A platform penalty for news? How social media context can alter information credibility online

Pages 338-348 | Published online: 02 Aug 2022
 

ABSTRACT

Growing concern about dubious information online threatens the credibility of legitimate news. We examine two possible mechanisms for this effect on social media. First, people might view all news on social media as less credible. Second, questionable information elsewhere in a news feed might discredit legitimate news coverage. Findings from a preregistered experiment confirm that people see information on Facebook as less credible than identical information on news websites, though the effect is small, suggesting that observational data overstates this platform penalty. Prior exposure to low (versus high) credibility information on Facebook also reduces engagement with a target article, but not its perceived credibility. However, exploratory analyses show that the effects of prior exposure to low credibility information vary depending on the plausibility of the target article, decreasing the credibility of a less plausible article (a spillover effect) but increasing the credibility of a more plausible one (a contrast effect).

Acknowledgement

Agadjanian is a political science Ph.D. student at the University of California, Berkeley. Nyhan is the James O. Freedman Presidential Professor of Government at Dartmouth College ([email protected]). Other coauthors are or were undergraduate students at Dartmouth. We thank the Dartmouth Center for the Advancement of Learning for generous funding support.

Disclosure statement

No potential conflict of interest was reported by the author(s).

Supplementary material

Supplemental data for this article can be accessed online at https://doi.org/10.1080/19331681.2022.2105465

Notes

1. All hypotheses were preregistered with Evidence in Governance and Politics (EGAP) prior to data collection (the preregistration is provided in Online Appendix C and is available online at https://osf.io/6dzeu along with full replication materials).

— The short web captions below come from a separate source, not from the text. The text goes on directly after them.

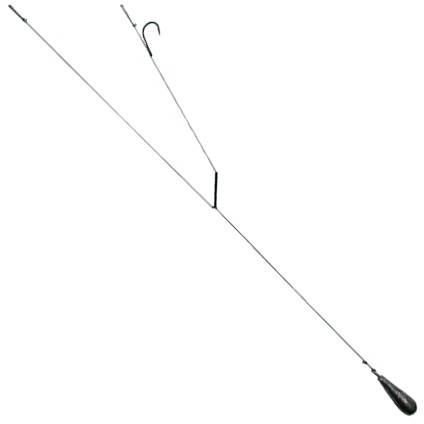 Montură Crap Plumb Fix Arrow Int. - Fir Textil 0.23mm, Gata de Utilizare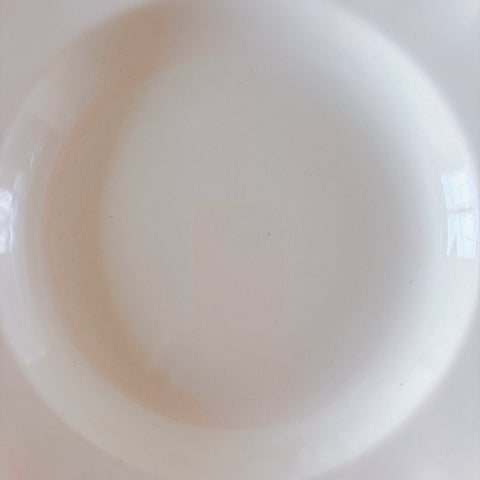 フランス ディゴワン＆サルグミンヌ 花リム スーププレート 深皿 フランスアンティーク食器 ブロカント　蚤の市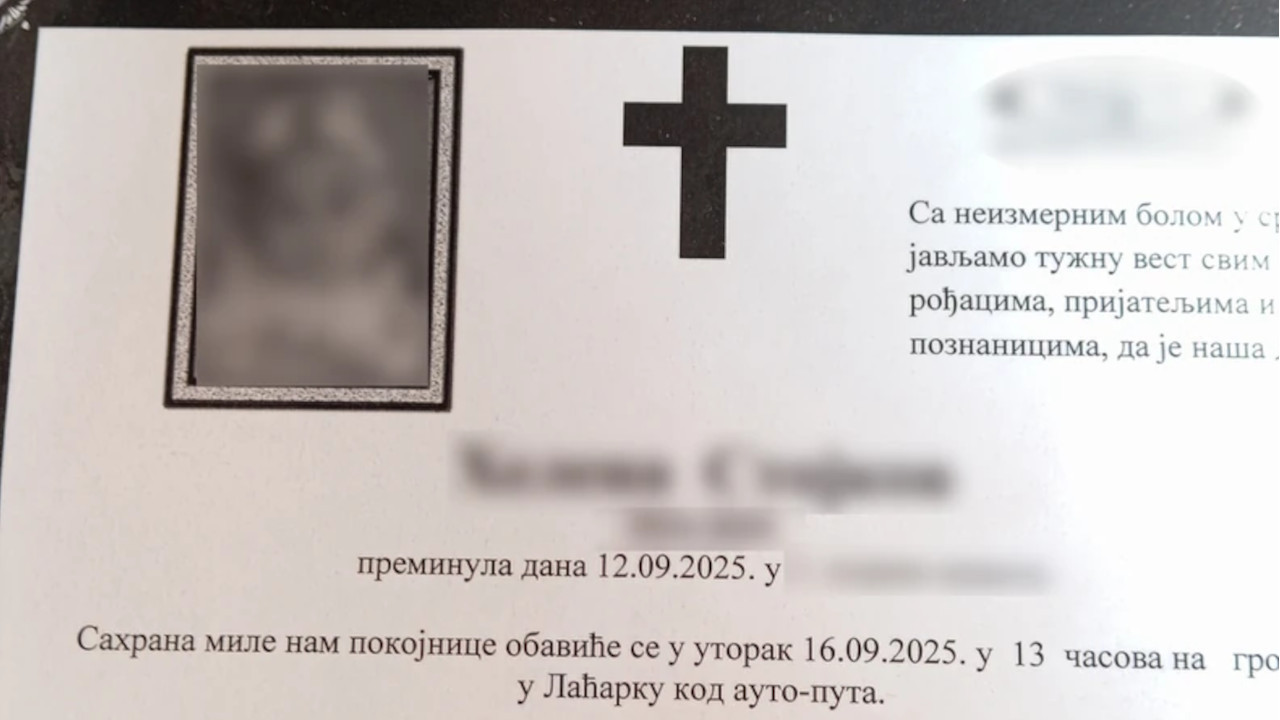 "NEMA VIŠE SUNCA" Potresne reči bake preminule devojčice(1)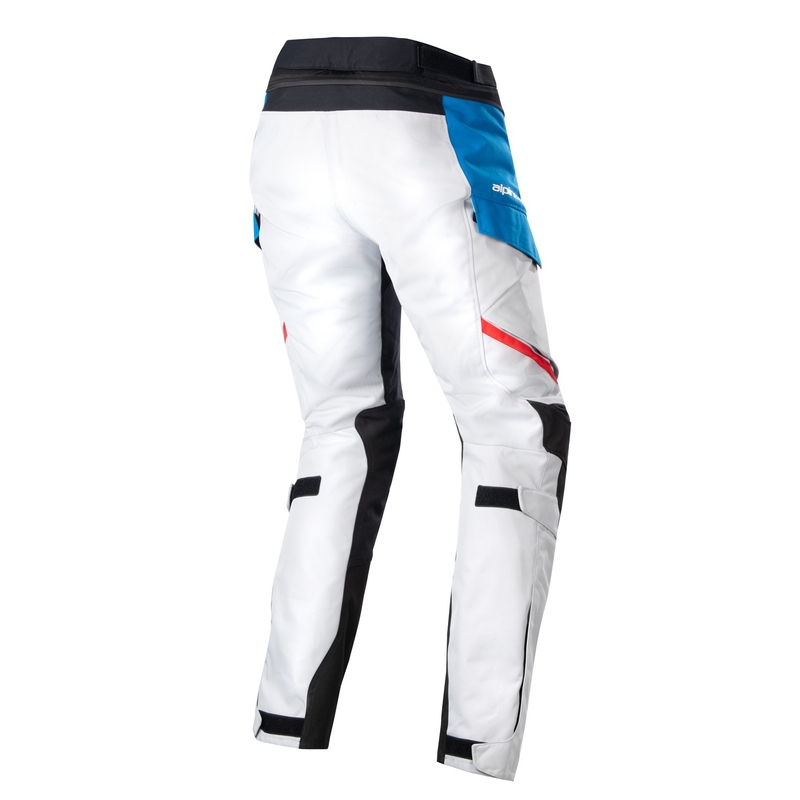 Alpinestars Stella Andes Drystar Honda Donna Grigio chiaro-Nero-Blu-Rosso 23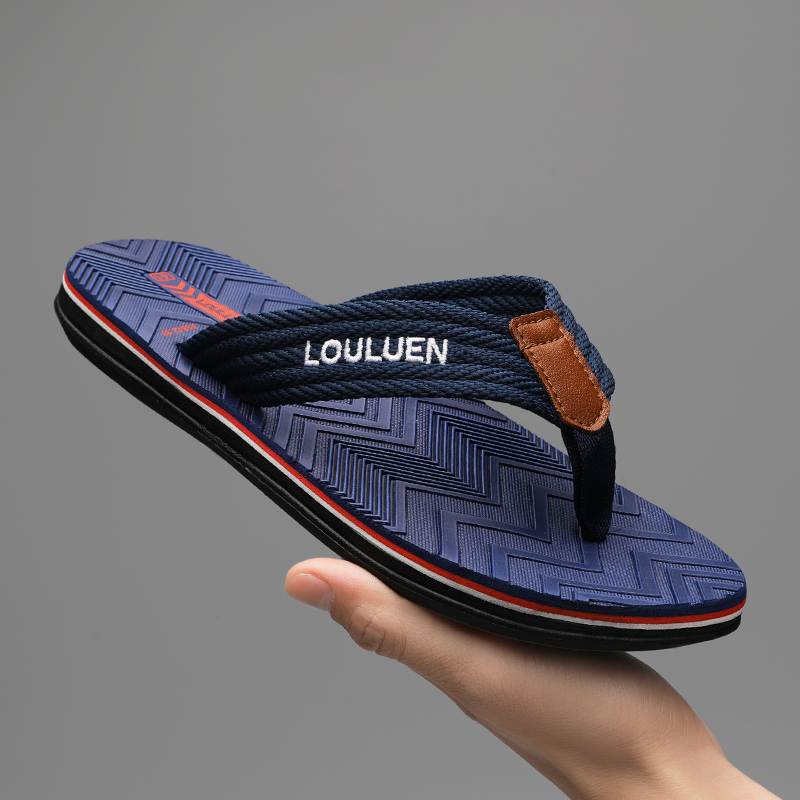 Men's Flip Flops Anti-Slip Sli – Men'S Shoes Hoka Sale recenzja i cena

2. The distribution of participant demographics by condition is provided in Online Appendix B; these characteristics did not vary significantly across the experimental conditions.

3. The original articles were modified to fit the desired tone and length by credibility type. We also randomized whether participants were assigned to see the KKK or Kansas article first. See Online Appendix A for full details.

4. There was a minor error in the instrument. The first response option for “How biased would you expect the article on the Kansas law to be?” was “Not at all credible” instead of “Not at all biased.” This question is not relevant to the main analysis.

5. All deviations are labeled below; full replication data and code will be made available online after publication. Online Appendix C contains the entire preregistration document. Per the preregistration, Online Appendix B shows robustness of results when using ordered probit models (for ordered dependent variables) and when using respondent random effects. We also confirm that treatment effects pool across stimuli and question order, as there are no differences in treatment effects by question order, between versions of the low and high credibility articles, and between versions of the placebo content (results available upon request).

6. Table B3 in Online Appendix B shows that we cannot reject the null hypothesis of no difference in treatment effects in a pooled model including an interaction effect.

7. Unlike the results for H2, credibility effects on article engagement were largely consistent across target articles. The only exception was the likelihood of sharing the article after exposure to the low credibility article, which decreased marginally more for the fajitas article than the wrestler article (p<.10; see Table B11).